Meanwhile, back in Muncie. . .

August 28, 2014 • 12:36 pm

Home of Ball State University (BSU), the Midwest’s outpost of the Discovery Institute, Muncie, Indiana also harbors a newspaper, the Muncie Star Press. That paper always refused to take a stand on the controversy about BSU’s intelligent-design (ID) Astronomy and Physics course of Professor Eric Hedin, a course that was finally deep-sixed when the Freedom from Religion Foundation complained and the BSU President, Jo Ann Gora (a woman of remarkable astuteness), publicly announced that ID was “not science” and would not be taught as such at her school. She’s gone now, but the Muncie Star Press continues to cater to the religious populace of its region.

Here’s a letter just published in the paper.
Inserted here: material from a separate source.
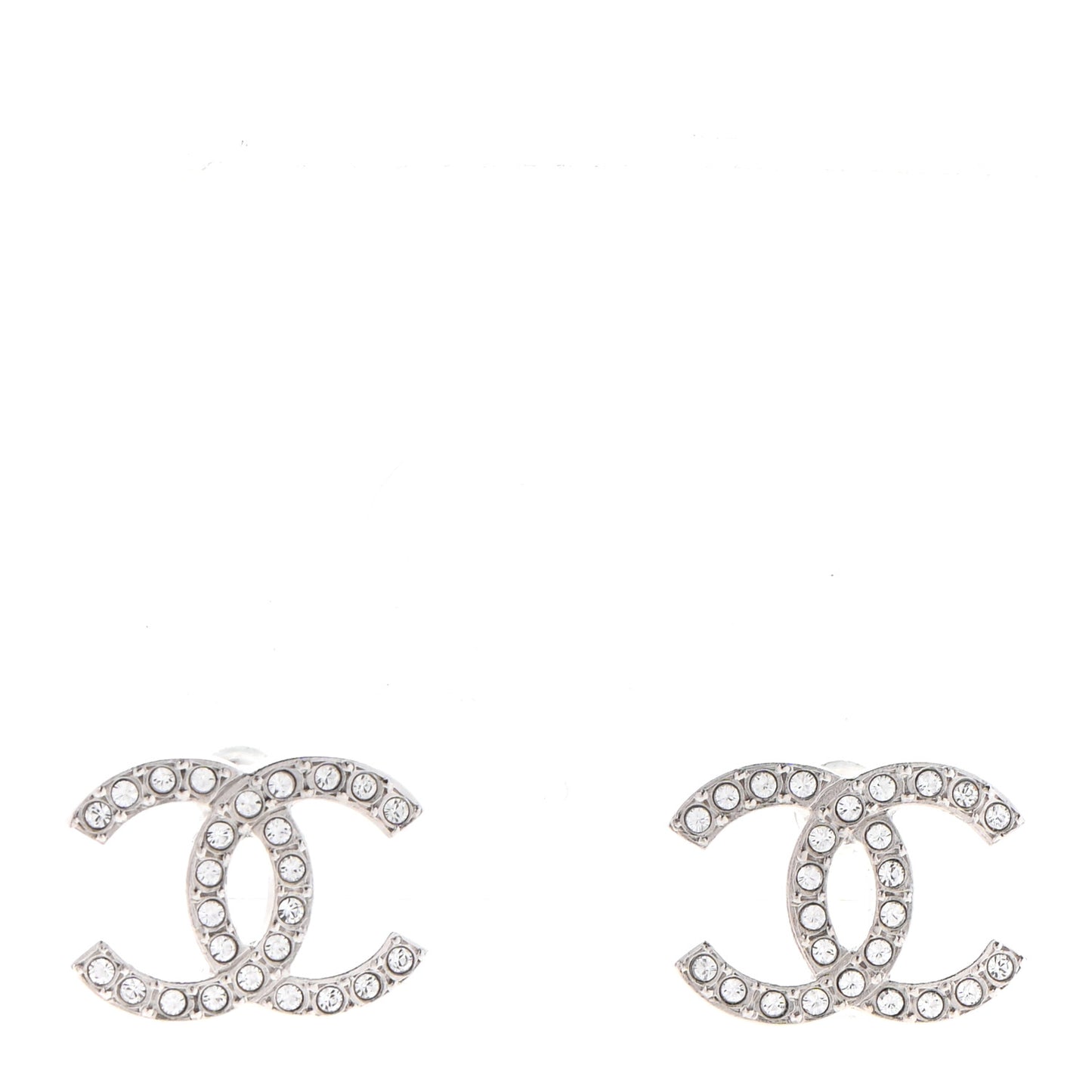 Crystal CC Earrings Silver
The author, Kevin Wingate, had previously written another letter arguing that ID should be taught in science classes. I’ve put in bold every statement that is wrong.

LETTER: SAGAN WAS WRONG

Kevin Wingate, Muncie

The late astronomer and science popularizer Carl Sagan once famously said, “The cosmos is all that is or ever was or ever will be.” That’s wishful thinking, not a scientifically established fact.
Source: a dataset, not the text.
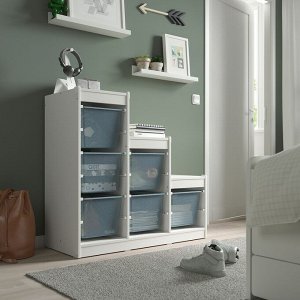 TROFAST, комбинация для хранения с коробками, белый / серо-синий, 99x44x95 см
Many have made science their god, declaring it to be the sole source of truth or the only way we have of understanding the world. Science can help us understand God’s creation, but it cannot fully describe or explain all of reality.
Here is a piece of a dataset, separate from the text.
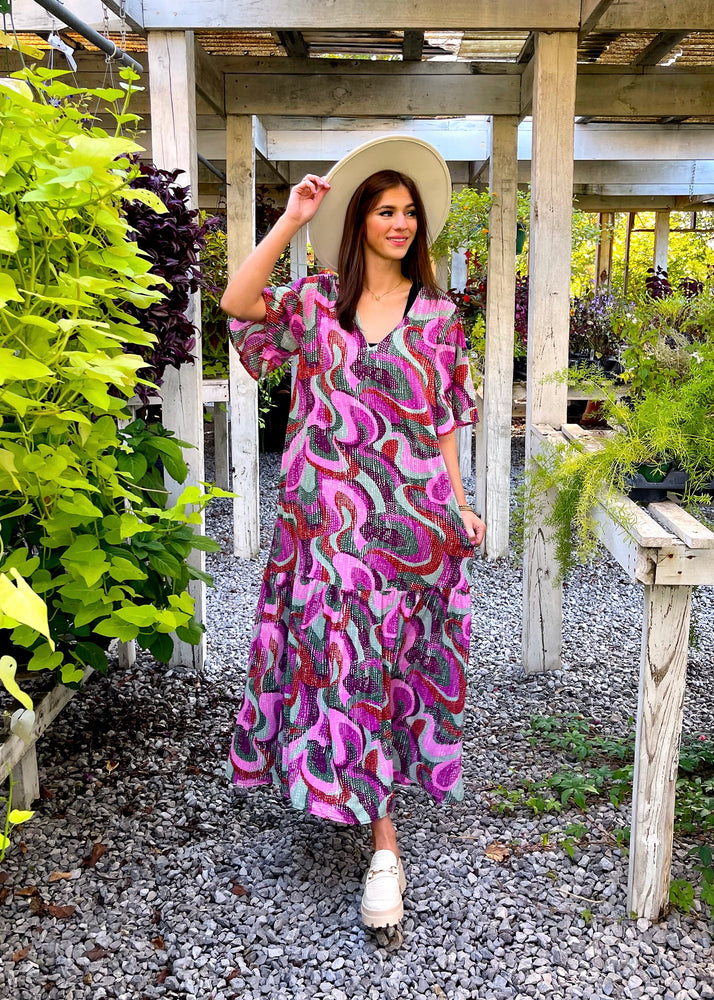 Groovy Girl Flutter Sleeve Maxi Dress | Purple Multi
The material universe is one part of reality, and the invisible world, which we do not normally perceive, is another part. Just because science is unable to detect the supernatural world doesn’t mean that it is not real.

Demons are real. People have heard them, seen them and been possessed by them. Angels are real. People have heard them, seen them and even entertained them unknowingly. Satan is real. Some have seen him face to face, and all of us have seen the results of his influence.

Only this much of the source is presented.